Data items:
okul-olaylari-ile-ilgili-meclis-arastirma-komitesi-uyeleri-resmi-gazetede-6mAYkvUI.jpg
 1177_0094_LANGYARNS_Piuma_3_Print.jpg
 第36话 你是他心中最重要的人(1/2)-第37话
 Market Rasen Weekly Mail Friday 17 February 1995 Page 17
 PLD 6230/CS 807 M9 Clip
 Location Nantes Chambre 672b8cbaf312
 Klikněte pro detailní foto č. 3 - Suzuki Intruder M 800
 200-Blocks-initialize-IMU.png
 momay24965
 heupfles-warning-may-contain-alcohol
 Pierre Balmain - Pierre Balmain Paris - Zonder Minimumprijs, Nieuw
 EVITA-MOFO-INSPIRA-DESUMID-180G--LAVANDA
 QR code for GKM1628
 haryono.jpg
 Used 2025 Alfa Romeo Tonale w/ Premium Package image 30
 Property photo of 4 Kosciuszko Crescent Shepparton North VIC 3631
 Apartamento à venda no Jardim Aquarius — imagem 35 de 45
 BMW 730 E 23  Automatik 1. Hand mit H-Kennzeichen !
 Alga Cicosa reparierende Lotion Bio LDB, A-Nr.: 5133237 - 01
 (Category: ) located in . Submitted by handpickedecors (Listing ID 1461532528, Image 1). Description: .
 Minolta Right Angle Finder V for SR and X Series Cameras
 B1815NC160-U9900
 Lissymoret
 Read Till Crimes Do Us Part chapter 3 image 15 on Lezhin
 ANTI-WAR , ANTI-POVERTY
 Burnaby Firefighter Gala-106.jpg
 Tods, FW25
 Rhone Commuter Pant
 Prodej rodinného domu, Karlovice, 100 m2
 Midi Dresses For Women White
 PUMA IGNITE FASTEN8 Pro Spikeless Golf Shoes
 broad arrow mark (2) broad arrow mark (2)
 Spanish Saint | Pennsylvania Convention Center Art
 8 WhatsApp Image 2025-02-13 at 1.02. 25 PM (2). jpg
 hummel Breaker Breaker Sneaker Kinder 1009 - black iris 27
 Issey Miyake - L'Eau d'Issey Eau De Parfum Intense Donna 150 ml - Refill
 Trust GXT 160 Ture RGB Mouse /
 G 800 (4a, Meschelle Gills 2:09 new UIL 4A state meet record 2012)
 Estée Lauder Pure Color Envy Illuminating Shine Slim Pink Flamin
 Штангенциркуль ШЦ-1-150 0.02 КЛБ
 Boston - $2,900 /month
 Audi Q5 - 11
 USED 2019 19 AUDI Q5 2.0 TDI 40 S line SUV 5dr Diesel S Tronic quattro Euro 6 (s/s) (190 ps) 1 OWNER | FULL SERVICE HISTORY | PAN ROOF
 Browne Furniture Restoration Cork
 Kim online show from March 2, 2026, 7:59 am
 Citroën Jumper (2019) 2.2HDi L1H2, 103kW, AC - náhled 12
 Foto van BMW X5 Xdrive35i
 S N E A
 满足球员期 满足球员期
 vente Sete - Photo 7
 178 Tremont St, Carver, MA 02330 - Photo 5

What to work on: All lines from the one containing "USED 2019 19" through the end of the data, and no others, are to be given again word for word.

Solution to this exercise:
 USED 2019 19 AUDI Q5 2.0 TDI 40 S line SUV 5dr Diesel S Tronic quattro Euro 6 (s/s) (190 ps) 1 OWNER | FULL SERVICE HISTORY | PAN ROOF
 Browne Furniture Restoration Cork
 Kim online show from March 2, 2026, 7:59 am
 Citroën Jumper (2019) 2.2HDi L1H2, 103kW, AC - náhled 12
 Foto van BMW X5 Xdrive35i
 S N E A
 满足球员期 满足球员期
 vente Sete - Photo 7
 178 Tremont St, Carver, MA 02330 - Photo 5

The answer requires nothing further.